A blonde, a brunette, and a redhead all die. In order to get into heaven though, they must go up 100 steps, each containing a joke. The trick is that they must not laugh.
The brunette goes first and laughs at the first step and is sent to hell. The redhead goes next and makes it to the seventh step before she laughs.
Finally, it’s the blondes turn. She gets all the way to the 99th step before she laughs. God asks her, “You were so close, why did you laugh?” and she responds, “I just got the first joke!”
A blonde walked into a shoe shop and saw a pair of shoes made from alligator skin that she liked.
“How much for these shoes?” – she asked the store manager.
“$200” – he replied.
“That’s too expensive! Can’t you bring the price down?” – the blonde.
The store manager said he couldn’t, and got irritated when the blonde persisted.
Finally after arguing with her for awhile he said, “There’s a pond with alligators behind the store! Why don’t you kill an alligator and get your alligator shoes free?!” – he yelled.

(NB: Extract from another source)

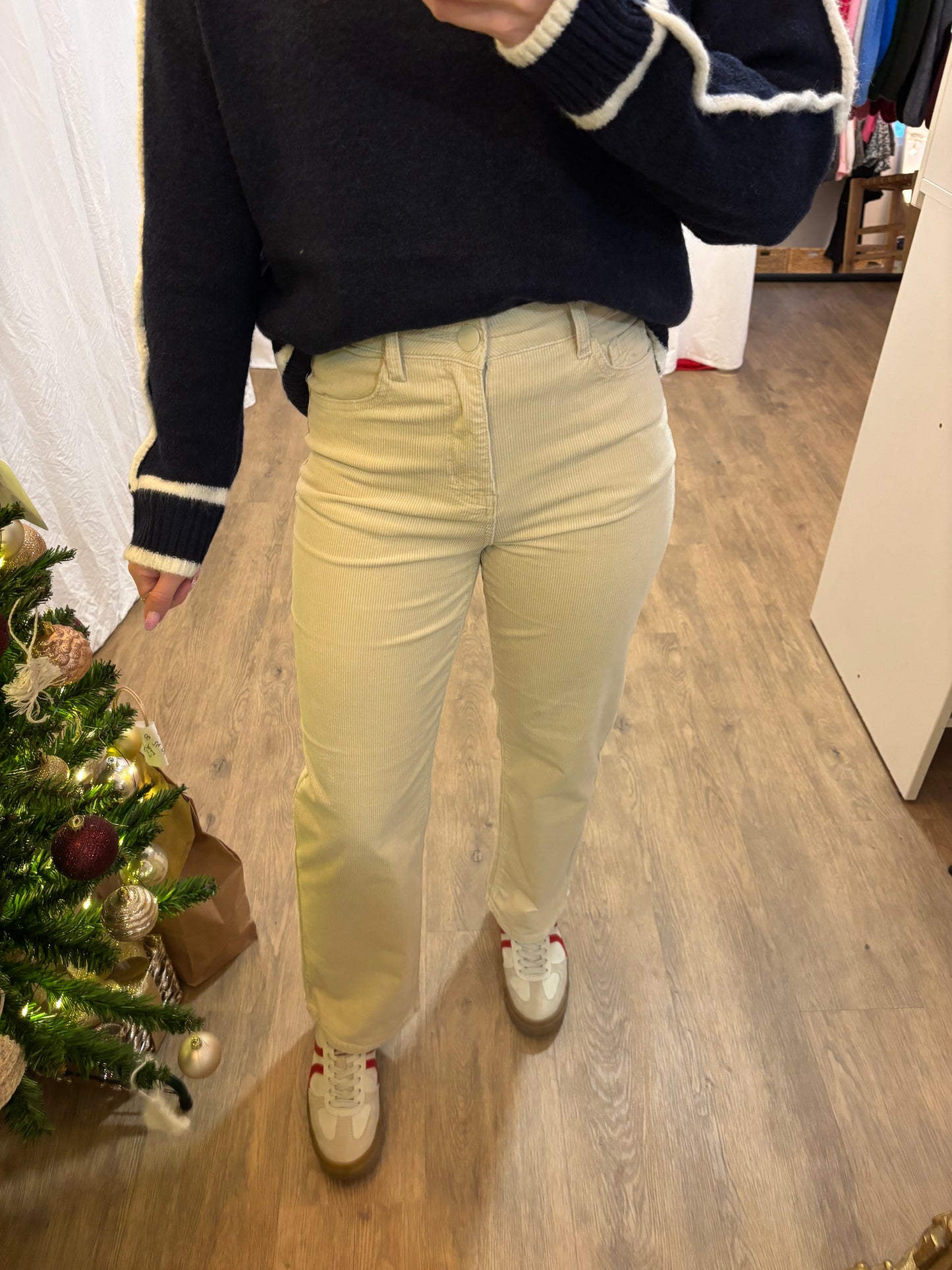 Pantalon SIMONE velours Écru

“Fine. I will.” – the blonde replied.
After an hour, the manager got a bit worried that the blonde might have come to harm with the alligators. He decided to go out and check on her.
When he arrived at the pond, he saw the blonde lugging a dead alligator and flinging it on the ground next to 6 other dead ones.
Before he could ask what she was doing, she wailed “Oh my gosh! This one doesn’t have any shoes either!”
There was a blonde who found herself sitting next to a lawyer on an airplane. The lawyer just kept bugging the blonde wanting her to play a game of intelligence. Finally, the lawyer offered her 10 to 1 odds, and said every time the blonde could not answer one of his questions, she owed him $5, but every time he could not answer hers, he’d give her $50. The lawyer figured he could not lose, and the blonde reluctantly accepted.
The lawyer first asked, “What is the distance between the Earth and the nearest star?”
Without saying a word the blonde handed him $5. then the blonde asked, “What goes up a hill with 3 legs and comes back down the hill with 4 legs?”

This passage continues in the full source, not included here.